[Stored records]
====

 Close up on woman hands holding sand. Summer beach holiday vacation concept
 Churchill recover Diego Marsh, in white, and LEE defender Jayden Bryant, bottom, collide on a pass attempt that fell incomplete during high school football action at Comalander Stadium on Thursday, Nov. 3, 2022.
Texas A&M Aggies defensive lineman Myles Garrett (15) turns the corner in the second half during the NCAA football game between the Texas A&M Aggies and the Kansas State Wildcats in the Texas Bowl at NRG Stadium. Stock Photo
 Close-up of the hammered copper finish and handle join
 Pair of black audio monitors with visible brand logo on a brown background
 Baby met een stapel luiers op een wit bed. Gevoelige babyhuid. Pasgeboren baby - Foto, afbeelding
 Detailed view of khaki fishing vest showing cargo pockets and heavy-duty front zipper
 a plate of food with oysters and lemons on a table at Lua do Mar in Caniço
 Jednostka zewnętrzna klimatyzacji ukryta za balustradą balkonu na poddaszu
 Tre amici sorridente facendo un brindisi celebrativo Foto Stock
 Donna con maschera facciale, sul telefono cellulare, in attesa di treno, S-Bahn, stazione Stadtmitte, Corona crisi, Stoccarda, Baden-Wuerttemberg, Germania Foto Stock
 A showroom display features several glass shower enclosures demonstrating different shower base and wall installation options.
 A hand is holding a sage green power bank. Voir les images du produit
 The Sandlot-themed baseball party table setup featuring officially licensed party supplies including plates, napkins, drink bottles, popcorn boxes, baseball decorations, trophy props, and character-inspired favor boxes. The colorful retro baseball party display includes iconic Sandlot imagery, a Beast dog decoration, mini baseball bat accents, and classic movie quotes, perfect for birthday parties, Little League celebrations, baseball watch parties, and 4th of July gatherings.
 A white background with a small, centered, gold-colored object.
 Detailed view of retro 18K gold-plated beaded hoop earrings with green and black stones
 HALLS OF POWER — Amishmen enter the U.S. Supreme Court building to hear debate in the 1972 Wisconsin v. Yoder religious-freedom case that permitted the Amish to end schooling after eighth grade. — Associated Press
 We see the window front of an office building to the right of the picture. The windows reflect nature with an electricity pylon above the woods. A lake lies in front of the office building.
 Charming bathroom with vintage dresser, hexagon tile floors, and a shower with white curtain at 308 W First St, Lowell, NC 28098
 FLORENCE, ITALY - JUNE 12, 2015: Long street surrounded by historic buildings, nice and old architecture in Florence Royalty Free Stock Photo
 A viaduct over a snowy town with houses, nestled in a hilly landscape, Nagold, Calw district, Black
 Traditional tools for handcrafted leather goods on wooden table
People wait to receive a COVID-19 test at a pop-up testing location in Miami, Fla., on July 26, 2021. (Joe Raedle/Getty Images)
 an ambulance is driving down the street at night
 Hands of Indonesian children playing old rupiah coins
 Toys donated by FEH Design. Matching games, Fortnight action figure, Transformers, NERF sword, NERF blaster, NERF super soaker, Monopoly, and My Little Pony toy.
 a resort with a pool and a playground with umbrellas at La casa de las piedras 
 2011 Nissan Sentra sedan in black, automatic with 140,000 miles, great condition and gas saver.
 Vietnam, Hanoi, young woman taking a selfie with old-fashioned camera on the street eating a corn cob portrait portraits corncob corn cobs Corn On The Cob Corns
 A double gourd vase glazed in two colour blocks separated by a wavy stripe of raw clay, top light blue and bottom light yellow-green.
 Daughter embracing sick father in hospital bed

====

- Your instructions -
Taking the entries above, print exactly the lines starting at the line with "A showroom display" and ending at the line with "Charming bathroom with", both included.

- Written answer -
 A showroom display features several glass shower enclosures demonstrating different shower base and wall installation options.
 A hand is holding a sage green power bank. Voir les images du produit
 The Sandlot-themed baseball party table setup featuring officially licensed party supplies including plates, napkins, drink bottles, popcorn boxes, baseball decorations, trophy props, and character-inspired favor boxes. The colorful retro baseball party display includes iconic Sandlot imagery, a Beast dog decoration, mini baseball bat accents, and classic movie quotes, perfect for birthday parties, Little League celebrations, baseball watch parties, and 4th of July gatherings.
 A white background with a small, centered, gold-colored object.
 Detailed view of retro 18K gold-plated beaded hoop earrings with green and black stones
 HALLS OF POWER — Amishmen enter the U.S. Supreme Court building to hear debate in the 1972 Wisconsin v. Yoder religious-freedom case that permitted the Amish to end schooling after eighth grade. — Associated Press
 We see the window front of an office building to the right of the picture. The windows reflect nature with an electricity pylon above the woods. A lake lies in front of the office building.
 Charming bathroom with vintage dresser, hexagon tile floors, and a shower with white curtain at 308 W First St, Lowell, NC 28098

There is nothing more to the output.